Work item ▸
Identify each line below that contains the word "Vintage", and copy it out.

Records shown ▸
Start of Block

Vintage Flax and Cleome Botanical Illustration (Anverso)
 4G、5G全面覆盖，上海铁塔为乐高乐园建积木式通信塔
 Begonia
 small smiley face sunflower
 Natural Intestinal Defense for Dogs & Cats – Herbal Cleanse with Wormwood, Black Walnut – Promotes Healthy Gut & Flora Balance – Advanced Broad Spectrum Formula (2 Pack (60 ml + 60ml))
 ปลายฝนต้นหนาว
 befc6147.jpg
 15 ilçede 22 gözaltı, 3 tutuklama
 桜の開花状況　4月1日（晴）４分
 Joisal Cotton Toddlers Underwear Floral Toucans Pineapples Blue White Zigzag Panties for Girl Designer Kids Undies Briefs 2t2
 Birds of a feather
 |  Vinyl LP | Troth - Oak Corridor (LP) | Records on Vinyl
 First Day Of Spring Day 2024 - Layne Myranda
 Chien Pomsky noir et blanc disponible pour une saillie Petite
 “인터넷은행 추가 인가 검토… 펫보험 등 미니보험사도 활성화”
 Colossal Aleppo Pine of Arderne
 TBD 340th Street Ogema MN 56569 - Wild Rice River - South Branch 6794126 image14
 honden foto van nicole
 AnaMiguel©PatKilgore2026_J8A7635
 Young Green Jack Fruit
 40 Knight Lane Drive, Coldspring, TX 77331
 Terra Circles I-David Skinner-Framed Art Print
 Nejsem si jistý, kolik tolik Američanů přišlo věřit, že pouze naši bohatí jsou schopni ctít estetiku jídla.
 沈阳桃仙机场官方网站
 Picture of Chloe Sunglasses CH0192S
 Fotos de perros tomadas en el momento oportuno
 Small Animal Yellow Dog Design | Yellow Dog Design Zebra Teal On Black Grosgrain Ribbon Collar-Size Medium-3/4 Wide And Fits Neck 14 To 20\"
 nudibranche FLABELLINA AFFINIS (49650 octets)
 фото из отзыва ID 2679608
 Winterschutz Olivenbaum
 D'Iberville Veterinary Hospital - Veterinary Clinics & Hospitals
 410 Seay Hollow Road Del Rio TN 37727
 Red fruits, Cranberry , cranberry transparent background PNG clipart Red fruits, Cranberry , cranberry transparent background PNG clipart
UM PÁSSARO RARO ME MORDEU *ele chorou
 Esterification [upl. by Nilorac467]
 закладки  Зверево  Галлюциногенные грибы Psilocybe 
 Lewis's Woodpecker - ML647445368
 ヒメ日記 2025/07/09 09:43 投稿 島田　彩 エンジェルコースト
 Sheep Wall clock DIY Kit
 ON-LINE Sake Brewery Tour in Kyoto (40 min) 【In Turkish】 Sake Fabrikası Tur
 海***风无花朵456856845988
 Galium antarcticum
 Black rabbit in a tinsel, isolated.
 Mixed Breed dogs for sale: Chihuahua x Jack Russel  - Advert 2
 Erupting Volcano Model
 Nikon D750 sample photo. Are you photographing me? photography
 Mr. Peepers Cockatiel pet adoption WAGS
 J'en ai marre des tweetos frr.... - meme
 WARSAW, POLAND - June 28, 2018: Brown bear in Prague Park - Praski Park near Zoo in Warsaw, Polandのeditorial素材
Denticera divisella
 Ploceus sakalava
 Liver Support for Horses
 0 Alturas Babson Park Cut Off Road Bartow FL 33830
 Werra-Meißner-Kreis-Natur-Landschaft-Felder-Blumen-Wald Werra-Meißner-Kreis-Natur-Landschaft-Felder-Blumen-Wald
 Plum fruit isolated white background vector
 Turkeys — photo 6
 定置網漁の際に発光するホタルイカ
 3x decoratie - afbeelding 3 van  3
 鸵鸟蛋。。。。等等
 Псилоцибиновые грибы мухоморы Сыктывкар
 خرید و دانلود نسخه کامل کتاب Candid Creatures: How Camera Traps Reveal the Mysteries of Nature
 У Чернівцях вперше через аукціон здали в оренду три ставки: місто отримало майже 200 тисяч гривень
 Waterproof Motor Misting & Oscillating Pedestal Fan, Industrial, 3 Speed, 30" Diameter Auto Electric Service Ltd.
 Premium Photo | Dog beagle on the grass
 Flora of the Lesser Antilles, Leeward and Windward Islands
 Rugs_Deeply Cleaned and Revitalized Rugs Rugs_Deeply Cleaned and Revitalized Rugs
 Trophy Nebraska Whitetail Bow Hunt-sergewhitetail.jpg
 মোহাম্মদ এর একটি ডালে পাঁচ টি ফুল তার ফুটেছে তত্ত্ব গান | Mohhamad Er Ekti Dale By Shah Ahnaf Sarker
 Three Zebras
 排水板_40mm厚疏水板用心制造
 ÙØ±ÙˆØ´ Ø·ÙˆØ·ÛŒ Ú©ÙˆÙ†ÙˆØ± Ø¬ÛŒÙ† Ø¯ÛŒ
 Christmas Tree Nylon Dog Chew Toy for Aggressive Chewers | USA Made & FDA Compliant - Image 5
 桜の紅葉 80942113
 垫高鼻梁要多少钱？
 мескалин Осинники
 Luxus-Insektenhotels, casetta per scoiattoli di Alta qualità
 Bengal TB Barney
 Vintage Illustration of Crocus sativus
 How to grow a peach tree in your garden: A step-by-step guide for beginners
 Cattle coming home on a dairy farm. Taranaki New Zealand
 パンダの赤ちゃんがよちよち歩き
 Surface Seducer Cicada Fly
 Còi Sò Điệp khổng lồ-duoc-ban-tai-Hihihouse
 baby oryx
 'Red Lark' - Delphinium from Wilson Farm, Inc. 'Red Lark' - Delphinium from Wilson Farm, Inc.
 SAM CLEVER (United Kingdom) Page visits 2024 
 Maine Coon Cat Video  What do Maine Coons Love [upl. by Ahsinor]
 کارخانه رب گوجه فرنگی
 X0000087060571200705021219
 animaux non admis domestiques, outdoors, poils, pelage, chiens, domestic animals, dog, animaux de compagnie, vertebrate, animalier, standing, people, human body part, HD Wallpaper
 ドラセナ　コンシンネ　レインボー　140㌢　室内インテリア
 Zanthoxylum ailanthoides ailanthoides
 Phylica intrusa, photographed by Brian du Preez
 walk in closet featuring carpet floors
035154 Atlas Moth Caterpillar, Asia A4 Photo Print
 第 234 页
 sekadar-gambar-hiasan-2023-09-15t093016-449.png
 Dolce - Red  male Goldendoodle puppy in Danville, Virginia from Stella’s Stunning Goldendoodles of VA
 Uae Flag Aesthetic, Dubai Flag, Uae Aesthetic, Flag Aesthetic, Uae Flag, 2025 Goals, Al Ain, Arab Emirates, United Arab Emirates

End of Block

Output of the task ▸
Vintage Flax and Cleome Botanical Illustration (Anverso)
 Vintage Illustration of Crocus sativus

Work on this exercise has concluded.